Re: Improving tracking/processing of buildfarm test failures

From: Noah Misch <noah(at)leadboat(dot)com>
To: Alexander Lakhin <exclusion(at)gmail(dot)com>
Cc: pgsql-hackers <pgsql-hackers(at)postgresql(dot)org>
Subject: Re: Improving tracking/processing of buildfarm test failures
Date: 2024-05-24 20:00:35
Message-ID: 20240524200035.c2@rfd.leadboat.com
Views: Raw Message | Whole Thread | Download mbox | Resend email
Thread:
Lists: pgsql-hackers

On Thu, May 23, 2024 at 02:00:00PM +0300, Alexander Lakhin wrote:
> I'd like to discuss ways to improve the buildfarm experience for anyone who
> are interested in using information which buildfarm gives to us.
>
> Unless I'm missing something, as of now there are no means to determine
> whether some concrete failure is known/investigated or fixed, how
> frequently it occurs and so on... From my experience, it's not that
> unbelievable that some failure occurred two years ago and lost in time was
> an indication of e. g. a race condition still existing in the code/tests
> and thus worth fixing. But without classifying/marking failures it's hard
> to find such or other interesting failure among many others...

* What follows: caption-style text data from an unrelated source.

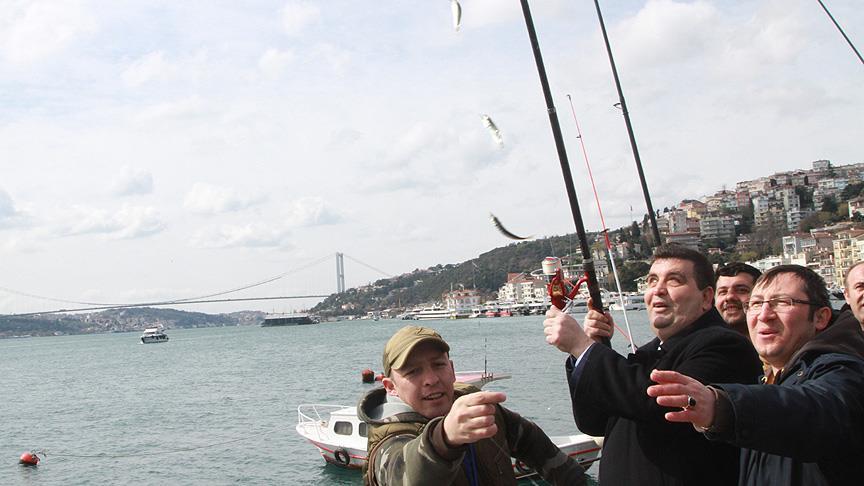 "Görme engelliler" boğazda balık tutma keyfini tattı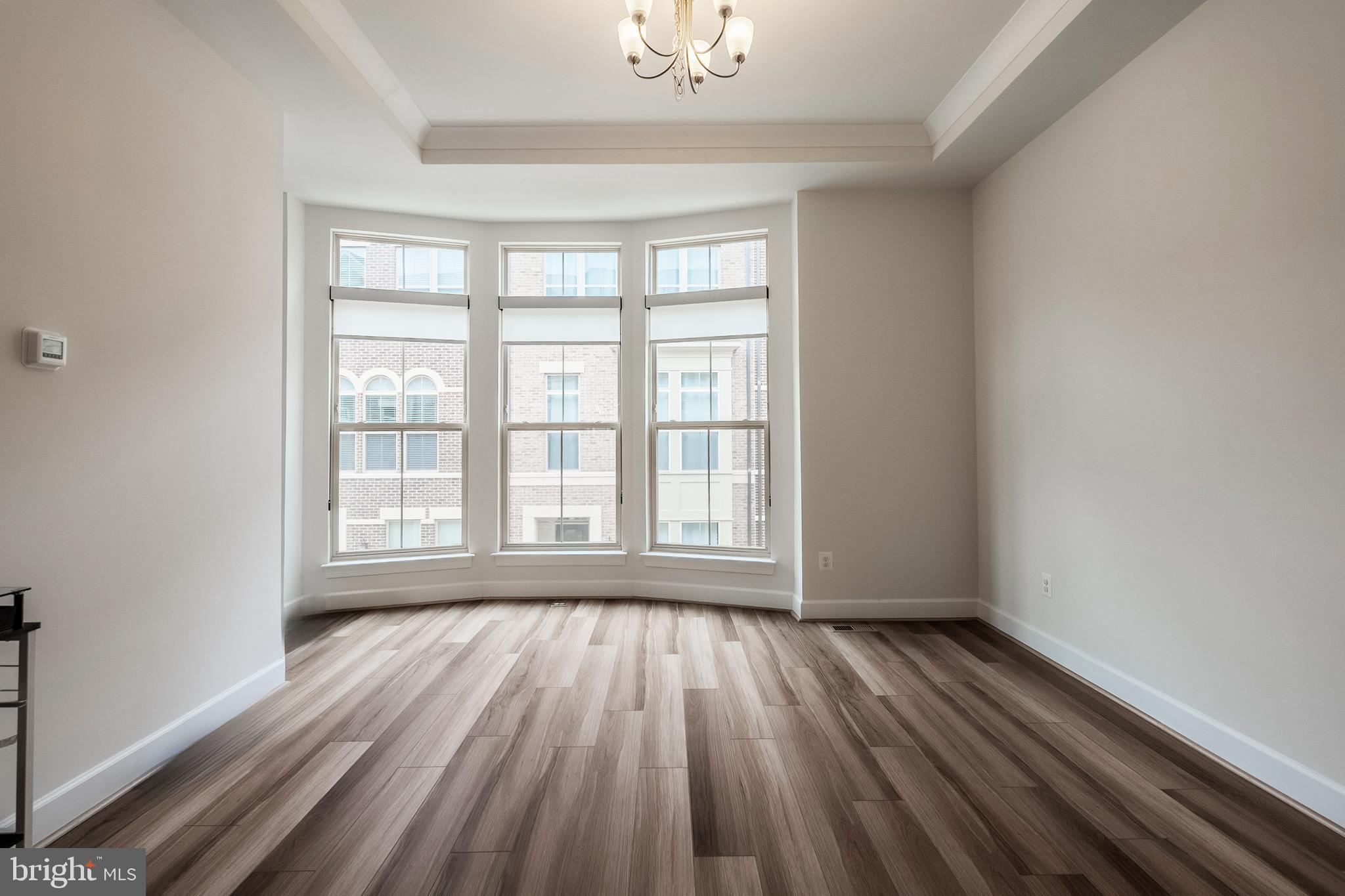 ASHBURN - Residential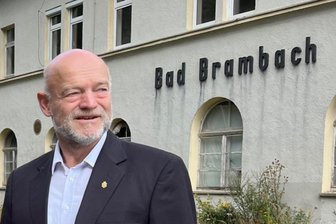 Vorbild Andreas Heinz: Bad Brambach will mehr Gehör in Dresden - Der CDU-Landtagsabgeordnete Andreas Heinz 2024 bei einem Termin zur Verkehrspolitik am Bahnhof Bad Brambach.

I agree this is an area of difficulty consuming buildfarm results. I have an
inefficient template for studying a failure, which your proposals would help:

**** grep recent -hackers for animal name
**** search the log for ~10 strings (e.g. "was terminated") to find the real indicator of where it failed
**** search mailing lists for that indicator
**** search buildfarm database for that indicator

> The first way to improve things I can imagine is to add two fields to the
> buildfarm database: a link to the failure discussion (set when the failure
> is investigated/reproduced and reported in -bugs or -hackers) and a commit
> id/link (set when the failure is fixed). I understand that it requires

I bet the hard part is getting data submissions, so I'd err on the side of
making this as easy as possible for submitters. For example, accept free-form
text for quick notes, not only URLs and commit IDs.

> modifying the buildfarm code, and adding some UI to update these fields,
> but it allows to add filters to see only unknown/non-investigated failures
> in the buildfarm web interface later.
>
> The second way is to create a wiki page, similar to "PostgreSQL 17 Open
> Items", say, "Known buildfarm test failures" and fill it like below:
> <url to failure1>
> <url to failure2>
> ...
> Useful info from the failure logs for reference
> ...
> <link to -hackers thread>
> ---
> This way is less invasive, but it would work well only if most of
> interested people know of it/use it.
> (I could start with the second approach, if you don't mind, and we'll see
> how it works.)

Certainly you doing (2) can only help, though it may help less than (1).

I recommend considering what the buildfarm server could discover and publish
on its own. Examples:

- N members failed at the same step, in a related commit range. Those members
are now mostly green. Defect probably got fixed quickly.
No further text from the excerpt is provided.